:: Exercise goal ::
Although the data holds pictures, return only the lines from the one containing "Your black wire" to the end, exactly, and without them.

:: Data shown ::

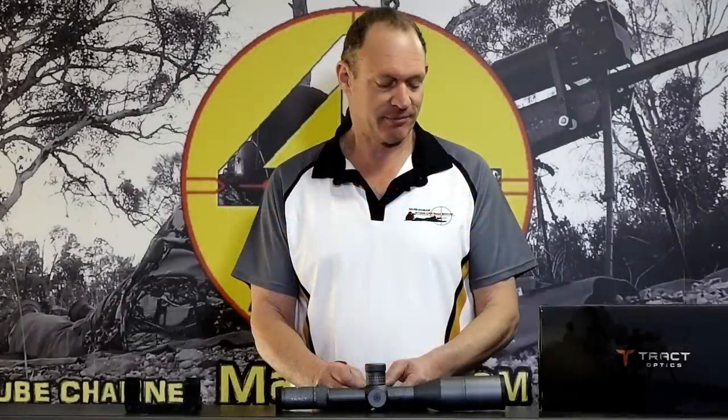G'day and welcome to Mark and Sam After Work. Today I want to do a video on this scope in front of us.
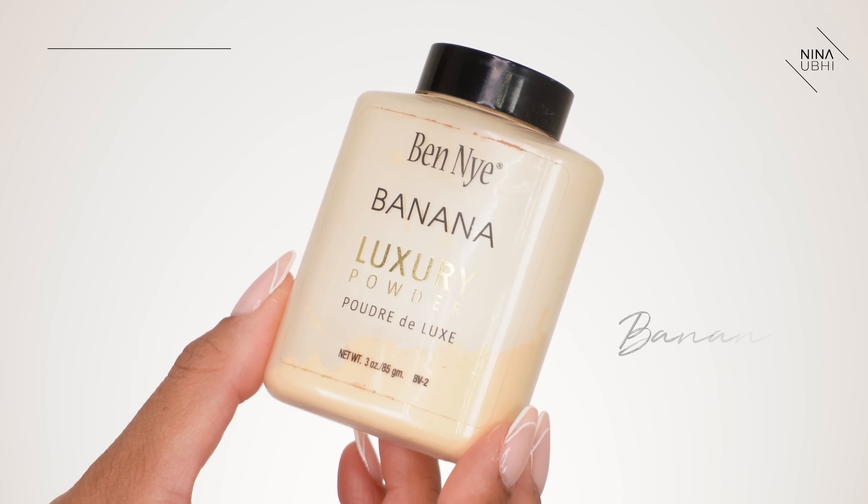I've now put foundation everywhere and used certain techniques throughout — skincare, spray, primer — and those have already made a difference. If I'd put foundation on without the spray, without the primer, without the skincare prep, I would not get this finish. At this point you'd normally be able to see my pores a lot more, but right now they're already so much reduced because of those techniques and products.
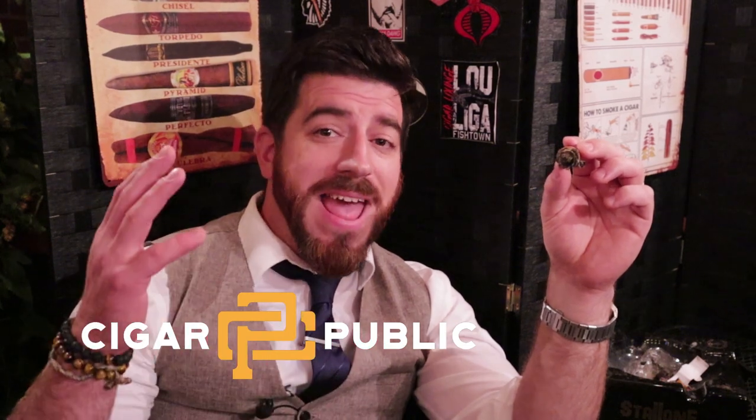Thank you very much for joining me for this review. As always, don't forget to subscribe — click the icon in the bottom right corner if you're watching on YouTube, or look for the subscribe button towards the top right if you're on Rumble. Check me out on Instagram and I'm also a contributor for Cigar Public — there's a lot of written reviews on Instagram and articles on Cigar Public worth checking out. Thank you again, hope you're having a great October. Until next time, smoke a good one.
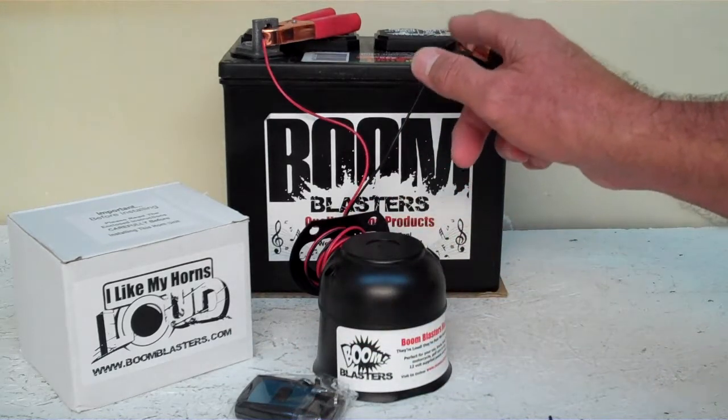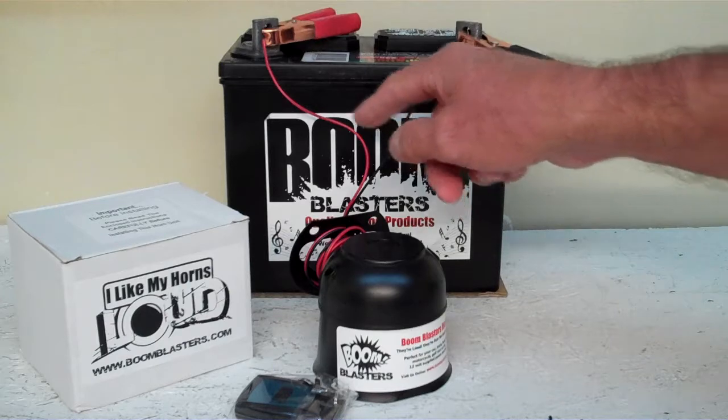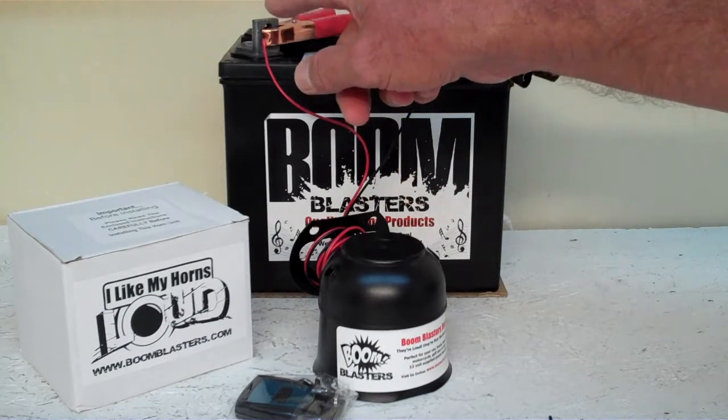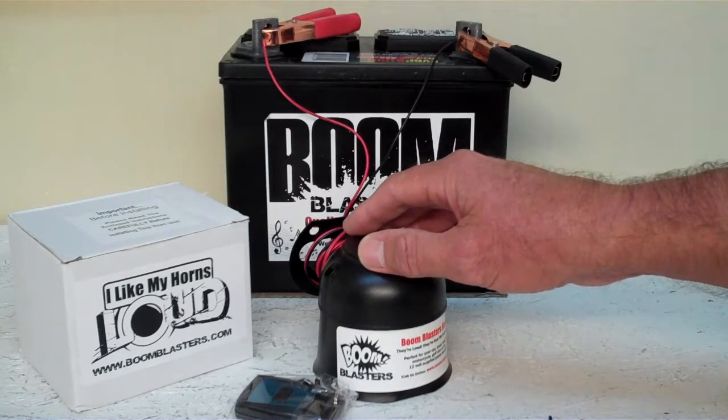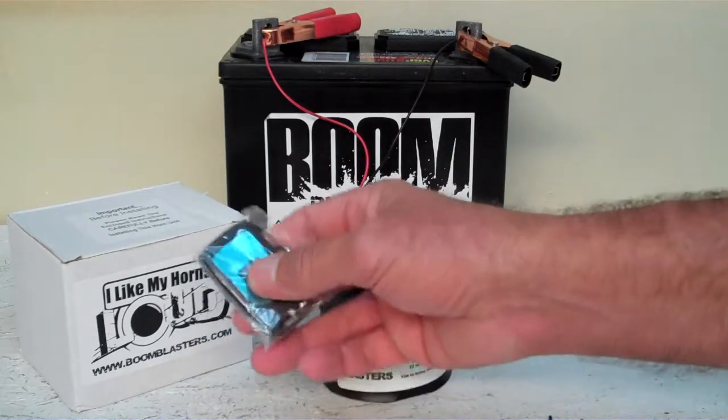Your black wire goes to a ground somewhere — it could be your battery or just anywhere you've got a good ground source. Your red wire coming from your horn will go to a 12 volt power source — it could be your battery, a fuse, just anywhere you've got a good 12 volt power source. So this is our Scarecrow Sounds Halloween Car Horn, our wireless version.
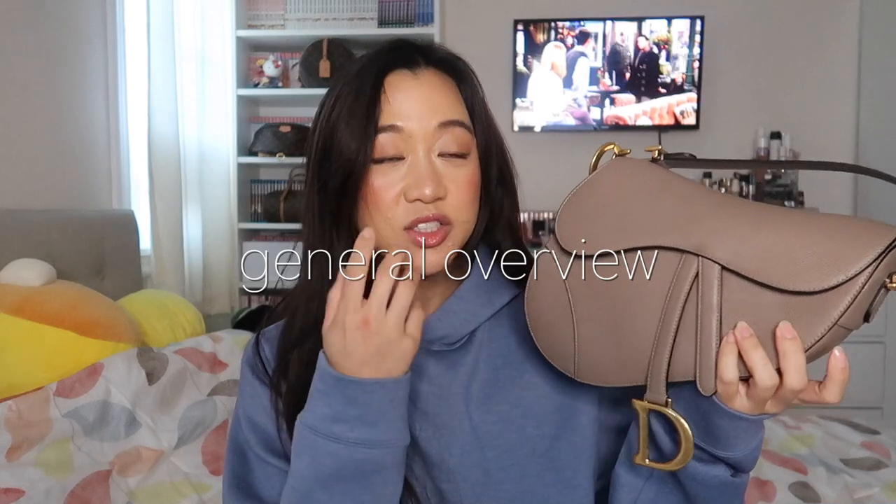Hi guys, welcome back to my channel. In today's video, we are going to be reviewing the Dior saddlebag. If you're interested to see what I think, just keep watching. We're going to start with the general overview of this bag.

:: Exercise response ::
Your black wire goes to a ground somewhere — it could be your battery or just anywhere you've got a good ground source. Your red wire coming from your horn will go to a 12 volt power source — it could be your battery, a fuse, just anywhere you've got a good 12 volt power source. So this is our Scarecrow Sounds Halloween Car Horn, our wireless version.
Hi guys, welcome back to my channel. In today's video, we are going to be reviewing the Dior saddlebag. If you're interested to see what I think, just keep watching. We're going to start with the general overview of this bag.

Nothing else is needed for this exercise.